Thursday, July 12, 2007

Joseph and Hot Potatoes

In the Kingdom of God, authority will be diffused as widely as possible. Lots of people will have a little bit of authority.

Those with authority will attempt to push it down to those below them, as soon as they are capable of exercising it themselves. Authority will be like a “hot potato”, with those who receiving it, quickly passing it on to someone else.

Joseph is a good example of how to get authority, but a bad example of how it should be used. He was appointed as Pharaoh’s deputy, because he has learned wisdom while working as a servant.

However, when he gained a position of authority in the land of Egypt, he was still under the authority of Pharaoh. Being a heathen emperor, Pharaoh used the famine in Egypt to increase his authority over the people. By the time the famine was over, Pharaoh owned all the land of Egypt and all the people were his slaves.
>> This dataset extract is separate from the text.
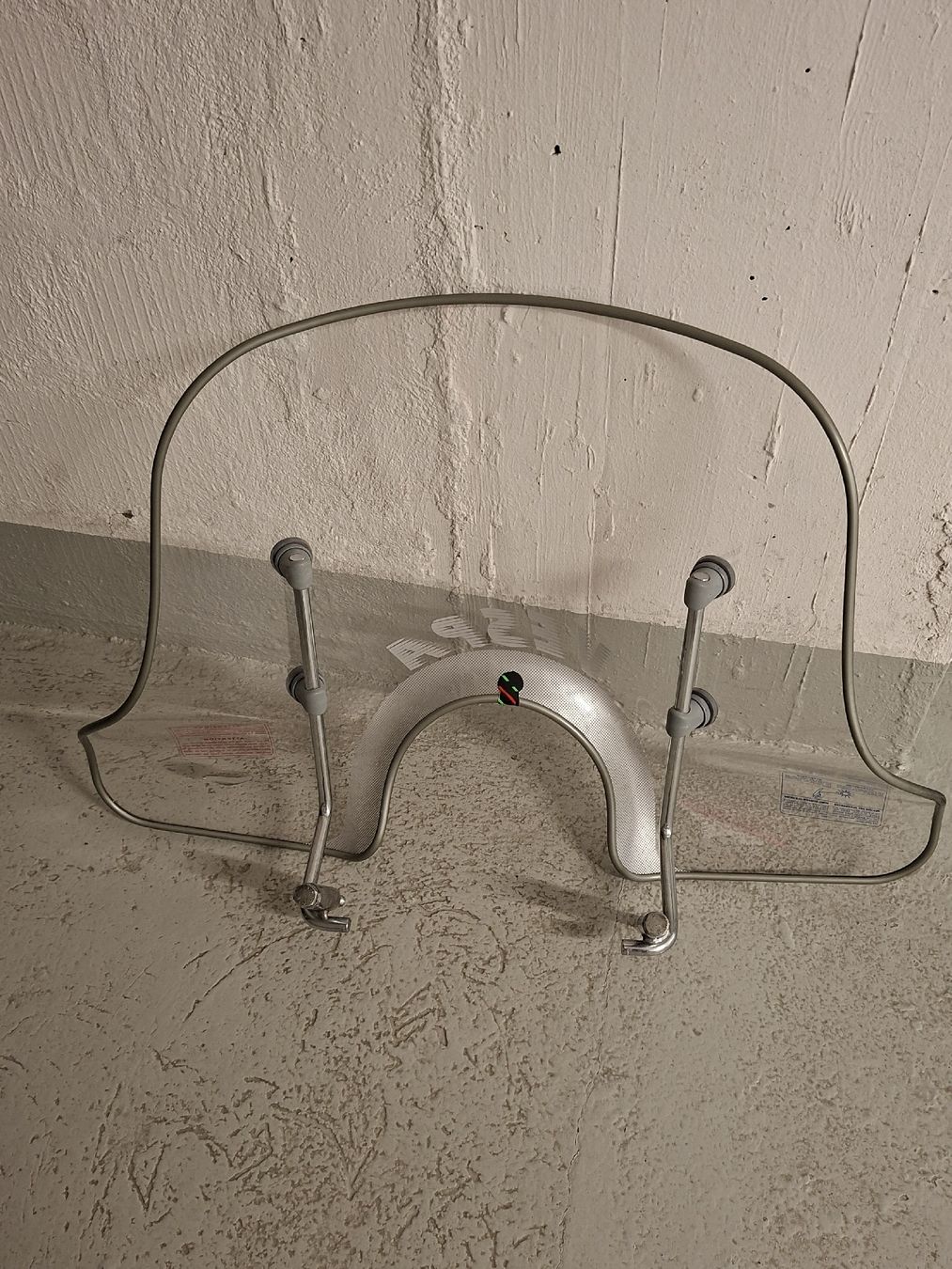 Vespa Parti ricambio per ciclomotori: Windschutzscheibe / Windschild Vespa GTS 250 inkl. Halterung – Usato da Goldach venduto da JLo13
So Joseph bought all the land in Egypt for Pharaoh. The Egyptians, one and all, sold their fields, because the famine was too severe for them. The land became Pharaoh's, and Joseph reduced the people to servitude, from one end of Egypt to the other (Gen 47:20-21).
Joseph had no choice but to advance Pharaoh’s position, but this is the opposite of the way that God works.

God does not want slaves serving him. He wants his people to freely love him, and obey him acknowledge his wisdom. God wants us to have authority over our own lives.
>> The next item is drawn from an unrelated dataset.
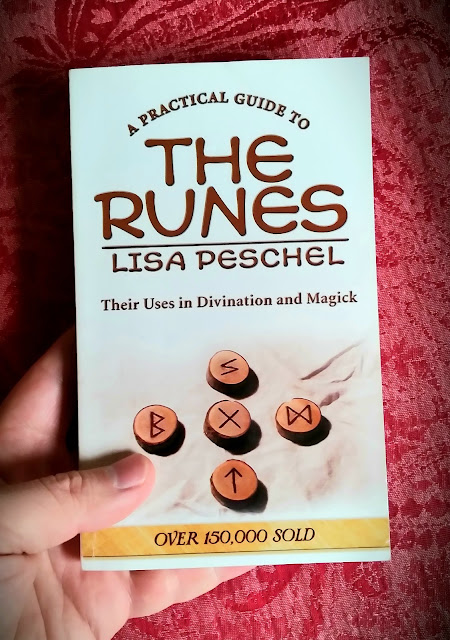 A Practical Guide to the Runes. Their Uses in Divination and Magick. Lisa Peschel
In the world, a few people hold most of the authority. In the kingdom of God, authority is spread around. Most people will have a little authority and no one will have a lot.

The life of Joseph illustrates a common problem. Many Christians believe that the problem of government will be resolved by replacing those with political power with Christians. This is not correct. Christians exercising political power are as dangerous as anyone else with political power. The only solution is to get rid of most government.

1 comment:

Norah said...

People should read this.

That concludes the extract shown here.